Modello 2 — Dimissioni per motivi di salute

Oggetto: Dimissioni dall’incarico di RSPP per motivi di salute

Con la presente comunico le mie dimissioni dall’incarico di Responsabile del Servizio di Prevenzione e Protezione (RSPP), a decorrere dal [data], per sopravvenuti e documentati motivi di salute che mi impediscono di continuare a svolgere le funzioni previste. Garantisco, entro le mie possibilità e compatibilmente con le condizioni mediche, la collaborazione necessaria per il trasferimento delle informazioni e della documentazione al personale designato.

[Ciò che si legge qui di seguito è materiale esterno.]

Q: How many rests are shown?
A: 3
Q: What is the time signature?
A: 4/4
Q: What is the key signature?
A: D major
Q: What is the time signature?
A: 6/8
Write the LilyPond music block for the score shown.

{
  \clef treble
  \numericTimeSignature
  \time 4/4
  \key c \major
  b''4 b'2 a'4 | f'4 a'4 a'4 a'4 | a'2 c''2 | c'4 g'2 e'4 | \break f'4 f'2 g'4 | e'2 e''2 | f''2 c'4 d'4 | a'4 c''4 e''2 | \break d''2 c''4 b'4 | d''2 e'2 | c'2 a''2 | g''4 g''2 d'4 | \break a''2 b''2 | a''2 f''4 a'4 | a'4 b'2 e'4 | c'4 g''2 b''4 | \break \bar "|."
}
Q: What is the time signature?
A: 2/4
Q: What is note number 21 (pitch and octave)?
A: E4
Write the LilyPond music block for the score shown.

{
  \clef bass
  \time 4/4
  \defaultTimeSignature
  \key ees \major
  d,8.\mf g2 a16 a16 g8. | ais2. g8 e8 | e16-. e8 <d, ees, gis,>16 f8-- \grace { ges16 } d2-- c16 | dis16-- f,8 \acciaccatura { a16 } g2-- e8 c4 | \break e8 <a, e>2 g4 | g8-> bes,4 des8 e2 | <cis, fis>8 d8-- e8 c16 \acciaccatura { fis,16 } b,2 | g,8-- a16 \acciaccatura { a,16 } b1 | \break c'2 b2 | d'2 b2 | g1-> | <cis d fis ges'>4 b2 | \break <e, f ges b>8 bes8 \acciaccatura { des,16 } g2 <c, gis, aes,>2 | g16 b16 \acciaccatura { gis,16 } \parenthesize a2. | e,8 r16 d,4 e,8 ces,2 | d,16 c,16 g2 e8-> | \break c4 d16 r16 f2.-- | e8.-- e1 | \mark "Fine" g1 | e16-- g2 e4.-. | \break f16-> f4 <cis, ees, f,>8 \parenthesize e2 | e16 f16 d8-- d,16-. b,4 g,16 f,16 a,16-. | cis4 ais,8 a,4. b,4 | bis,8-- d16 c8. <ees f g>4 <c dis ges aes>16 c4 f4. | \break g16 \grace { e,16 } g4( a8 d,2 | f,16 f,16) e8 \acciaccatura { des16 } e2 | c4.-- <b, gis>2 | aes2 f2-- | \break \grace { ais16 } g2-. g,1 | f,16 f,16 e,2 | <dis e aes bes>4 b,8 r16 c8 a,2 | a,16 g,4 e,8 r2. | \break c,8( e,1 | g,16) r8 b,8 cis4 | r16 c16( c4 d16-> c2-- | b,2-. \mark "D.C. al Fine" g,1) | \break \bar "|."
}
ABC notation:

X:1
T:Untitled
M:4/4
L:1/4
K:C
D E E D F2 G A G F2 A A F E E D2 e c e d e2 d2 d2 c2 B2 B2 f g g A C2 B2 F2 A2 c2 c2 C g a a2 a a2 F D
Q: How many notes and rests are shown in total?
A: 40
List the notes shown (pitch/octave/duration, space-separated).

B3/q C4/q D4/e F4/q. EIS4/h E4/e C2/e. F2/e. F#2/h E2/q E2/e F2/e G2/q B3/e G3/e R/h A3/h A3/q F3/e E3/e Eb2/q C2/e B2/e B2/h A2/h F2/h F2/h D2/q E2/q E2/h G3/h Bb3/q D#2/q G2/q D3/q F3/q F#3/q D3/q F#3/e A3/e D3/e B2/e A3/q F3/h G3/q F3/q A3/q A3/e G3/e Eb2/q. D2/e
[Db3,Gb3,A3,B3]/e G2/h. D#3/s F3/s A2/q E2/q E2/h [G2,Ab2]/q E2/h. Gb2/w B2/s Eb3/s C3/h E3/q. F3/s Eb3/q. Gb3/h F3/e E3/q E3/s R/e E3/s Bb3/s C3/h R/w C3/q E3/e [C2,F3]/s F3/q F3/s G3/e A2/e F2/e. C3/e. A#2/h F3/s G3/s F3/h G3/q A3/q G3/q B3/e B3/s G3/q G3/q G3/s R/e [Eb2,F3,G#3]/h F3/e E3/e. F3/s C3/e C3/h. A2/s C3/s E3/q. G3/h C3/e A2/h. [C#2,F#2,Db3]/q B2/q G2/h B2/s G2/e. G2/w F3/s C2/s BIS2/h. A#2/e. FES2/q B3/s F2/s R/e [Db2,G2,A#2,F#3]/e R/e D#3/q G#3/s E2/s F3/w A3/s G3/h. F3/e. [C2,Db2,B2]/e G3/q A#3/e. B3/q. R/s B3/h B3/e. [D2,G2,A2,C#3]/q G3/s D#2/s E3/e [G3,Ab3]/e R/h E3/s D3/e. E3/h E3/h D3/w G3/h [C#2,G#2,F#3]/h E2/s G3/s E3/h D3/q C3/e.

Allego, se richiesto, la documentazione sanitaria attestante la situazione.

Distinti saluti,

Modello 3 — Dimissioni per incompatibilità professionale/organizzativa

Oggetto: Dimissioni dall’incarico di RSPP per incompatibilità organizzativa

Con la presente rassegno le dimissioni dall’incarico di Responsabile del Servizio di Prevenzione e Protezione (RSPP), con decorrenza dal [data], a seguito di rilevata incompatibilità tra le modalità organizzative e le condizioni operative attuali e lo svolgimento corretto delle funzioni di RSPP. Resto comunque disponibile, fino alla data di cessazione, a collaborare per il passaggio di consegne e per fornire la documentazione tecnica necessaria al mantenimento degli standard di sicurezza aziendale.

Distinti saluti,

Modello 4 — Dimissioni per trasferimento/nuovo impiego

Oggetto: Dimissioni dall’incarico di RSPP per trasferimento/assunzione esterna

Con la presente comunico le mie dimissioni dall’incarico di Responsabile del Servizio di Prevenzione e Protezione (RSPP), effettive a decorrere dal [data], a seguito di trasferimento e/o assunzione presso altra realtà lavorativa che comporta l’impossibilità a mantenerne l’incarico. Assicuro la disponibilità per un periodo transitorio finalizzato al trasferimento della documentazione, alla segnalazione dei rischi in corso e alla predisposizione delle informazioni utili al successore.

Distinti saluti,

Modello 5 — Dimissioni motivate da mancata collaborazione/inadempienze aziendali

Oggetto: Dimissioni dall’incarico di RSPP per gravi difficoltà operative

Con la presente rassegno le dimissioni dall’incarico di Responsabile del Servizio di Prevenzione e Protezione (RSPP), con effetto dal [data], a seguito di persistenti difficoltà operative e di mancata collaborazione che impediscono l’adeguata applicazione delle misure di prevenzione e protezione previste dalla normativa vigente. Ribadisco la mia disponibilità, fino alla data indicata, a fornire tutta la documentazione in mio possesso e a collaborare per agevolare il passaggio di consegne, pur riservandomi di segnalare formalmente, per le vie competenti, le situazioni di rischio rilevate.